Assigned task: Only a number is wanted: how many lines in these records contain the word "Hoodie"?
*** Begin section ***
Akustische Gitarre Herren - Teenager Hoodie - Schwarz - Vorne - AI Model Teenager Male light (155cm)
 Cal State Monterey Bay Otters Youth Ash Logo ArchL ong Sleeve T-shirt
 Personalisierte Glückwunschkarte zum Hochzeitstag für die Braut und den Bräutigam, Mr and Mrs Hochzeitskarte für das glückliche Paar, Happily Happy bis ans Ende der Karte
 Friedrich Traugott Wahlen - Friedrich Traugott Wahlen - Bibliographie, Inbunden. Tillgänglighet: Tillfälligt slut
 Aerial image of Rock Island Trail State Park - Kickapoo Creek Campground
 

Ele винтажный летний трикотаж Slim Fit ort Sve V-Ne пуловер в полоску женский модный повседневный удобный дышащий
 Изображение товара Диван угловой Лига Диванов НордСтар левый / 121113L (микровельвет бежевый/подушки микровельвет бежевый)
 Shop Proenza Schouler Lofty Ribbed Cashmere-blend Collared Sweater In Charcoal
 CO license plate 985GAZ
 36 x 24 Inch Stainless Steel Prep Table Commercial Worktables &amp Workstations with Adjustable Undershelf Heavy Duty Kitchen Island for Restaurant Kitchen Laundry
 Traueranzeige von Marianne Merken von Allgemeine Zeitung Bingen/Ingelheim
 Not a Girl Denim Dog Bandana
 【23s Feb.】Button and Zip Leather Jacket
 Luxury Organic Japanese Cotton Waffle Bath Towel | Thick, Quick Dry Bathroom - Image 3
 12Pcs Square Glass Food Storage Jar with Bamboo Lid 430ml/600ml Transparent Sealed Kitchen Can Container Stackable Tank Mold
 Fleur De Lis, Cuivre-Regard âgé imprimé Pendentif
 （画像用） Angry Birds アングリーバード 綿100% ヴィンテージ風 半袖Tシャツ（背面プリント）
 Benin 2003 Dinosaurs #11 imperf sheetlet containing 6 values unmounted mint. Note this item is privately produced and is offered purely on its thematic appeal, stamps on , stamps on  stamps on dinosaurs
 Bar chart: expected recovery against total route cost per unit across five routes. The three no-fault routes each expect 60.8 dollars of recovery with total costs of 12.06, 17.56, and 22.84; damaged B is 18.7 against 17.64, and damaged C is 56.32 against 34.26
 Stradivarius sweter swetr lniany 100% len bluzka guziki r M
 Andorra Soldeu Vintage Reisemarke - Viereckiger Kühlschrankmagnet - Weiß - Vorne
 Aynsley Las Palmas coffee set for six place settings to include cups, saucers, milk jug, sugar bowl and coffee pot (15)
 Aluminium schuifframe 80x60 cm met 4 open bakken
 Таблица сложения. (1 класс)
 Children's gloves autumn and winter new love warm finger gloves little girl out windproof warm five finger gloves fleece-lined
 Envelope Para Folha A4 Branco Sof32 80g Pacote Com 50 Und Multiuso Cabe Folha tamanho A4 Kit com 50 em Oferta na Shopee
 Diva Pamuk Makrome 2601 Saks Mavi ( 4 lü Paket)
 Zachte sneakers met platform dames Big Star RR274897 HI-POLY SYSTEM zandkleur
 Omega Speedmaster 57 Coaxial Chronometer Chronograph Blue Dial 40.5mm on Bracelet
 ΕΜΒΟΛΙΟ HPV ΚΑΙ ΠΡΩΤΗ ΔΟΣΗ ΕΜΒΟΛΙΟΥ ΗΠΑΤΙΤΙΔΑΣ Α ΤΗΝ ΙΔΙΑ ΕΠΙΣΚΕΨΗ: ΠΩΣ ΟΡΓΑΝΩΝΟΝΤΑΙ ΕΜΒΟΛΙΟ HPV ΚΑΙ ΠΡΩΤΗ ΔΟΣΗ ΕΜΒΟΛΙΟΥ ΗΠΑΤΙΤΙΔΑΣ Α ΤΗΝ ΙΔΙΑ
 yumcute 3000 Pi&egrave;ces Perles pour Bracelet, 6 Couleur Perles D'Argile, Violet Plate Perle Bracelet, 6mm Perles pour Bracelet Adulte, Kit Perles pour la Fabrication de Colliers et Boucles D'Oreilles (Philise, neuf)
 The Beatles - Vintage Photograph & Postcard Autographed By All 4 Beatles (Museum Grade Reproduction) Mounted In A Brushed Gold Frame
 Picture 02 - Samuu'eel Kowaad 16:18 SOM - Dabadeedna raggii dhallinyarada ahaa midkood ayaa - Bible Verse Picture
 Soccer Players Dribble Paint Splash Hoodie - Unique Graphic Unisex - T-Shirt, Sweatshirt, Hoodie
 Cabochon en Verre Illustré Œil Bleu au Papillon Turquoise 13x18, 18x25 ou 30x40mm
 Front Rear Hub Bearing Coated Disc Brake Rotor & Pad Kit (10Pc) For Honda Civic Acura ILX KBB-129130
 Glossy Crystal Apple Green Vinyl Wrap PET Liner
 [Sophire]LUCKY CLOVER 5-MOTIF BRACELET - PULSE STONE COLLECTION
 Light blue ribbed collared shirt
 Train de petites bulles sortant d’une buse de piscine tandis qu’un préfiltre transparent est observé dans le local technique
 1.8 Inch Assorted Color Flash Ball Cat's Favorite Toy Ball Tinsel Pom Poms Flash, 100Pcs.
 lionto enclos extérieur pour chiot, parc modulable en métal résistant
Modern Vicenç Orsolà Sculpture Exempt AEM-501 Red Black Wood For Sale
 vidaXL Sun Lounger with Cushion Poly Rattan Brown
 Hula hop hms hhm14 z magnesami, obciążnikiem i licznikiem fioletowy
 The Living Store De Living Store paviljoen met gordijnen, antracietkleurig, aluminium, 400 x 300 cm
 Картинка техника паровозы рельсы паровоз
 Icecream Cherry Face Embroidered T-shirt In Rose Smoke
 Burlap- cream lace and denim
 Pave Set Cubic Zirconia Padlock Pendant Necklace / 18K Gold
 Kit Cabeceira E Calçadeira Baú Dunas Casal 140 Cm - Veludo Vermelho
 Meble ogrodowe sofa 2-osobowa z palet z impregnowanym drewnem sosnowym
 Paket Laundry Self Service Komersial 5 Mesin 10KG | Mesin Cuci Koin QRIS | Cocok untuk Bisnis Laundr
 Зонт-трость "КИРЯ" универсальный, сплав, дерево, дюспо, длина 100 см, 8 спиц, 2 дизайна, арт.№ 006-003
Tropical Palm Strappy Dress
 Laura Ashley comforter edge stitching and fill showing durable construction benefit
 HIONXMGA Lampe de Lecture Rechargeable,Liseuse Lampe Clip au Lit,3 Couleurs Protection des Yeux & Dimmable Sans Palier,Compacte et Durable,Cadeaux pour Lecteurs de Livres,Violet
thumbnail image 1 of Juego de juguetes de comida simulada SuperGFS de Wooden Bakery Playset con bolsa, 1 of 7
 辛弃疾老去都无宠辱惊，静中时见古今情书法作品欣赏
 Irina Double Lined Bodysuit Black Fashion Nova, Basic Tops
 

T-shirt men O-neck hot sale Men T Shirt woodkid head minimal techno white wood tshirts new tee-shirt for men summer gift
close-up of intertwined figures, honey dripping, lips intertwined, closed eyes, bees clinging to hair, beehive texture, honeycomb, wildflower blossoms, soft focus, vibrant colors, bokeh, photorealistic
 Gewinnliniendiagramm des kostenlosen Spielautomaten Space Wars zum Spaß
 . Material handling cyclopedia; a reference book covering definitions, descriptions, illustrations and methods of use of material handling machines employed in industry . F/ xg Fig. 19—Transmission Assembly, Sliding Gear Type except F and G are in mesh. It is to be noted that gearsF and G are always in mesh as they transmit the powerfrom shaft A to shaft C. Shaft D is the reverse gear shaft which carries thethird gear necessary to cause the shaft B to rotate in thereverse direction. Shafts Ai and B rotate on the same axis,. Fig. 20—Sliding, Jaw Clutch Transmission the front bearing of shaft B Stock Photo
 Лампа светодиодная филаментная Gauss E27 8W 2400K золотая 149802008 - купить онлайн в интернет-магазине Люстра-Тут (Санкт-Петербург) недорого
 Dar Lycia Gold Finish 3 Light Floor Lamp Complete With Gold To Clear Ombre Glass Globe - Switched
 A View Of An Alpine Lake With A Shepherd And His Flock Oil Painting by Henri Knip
*** End section ***
Your response: 2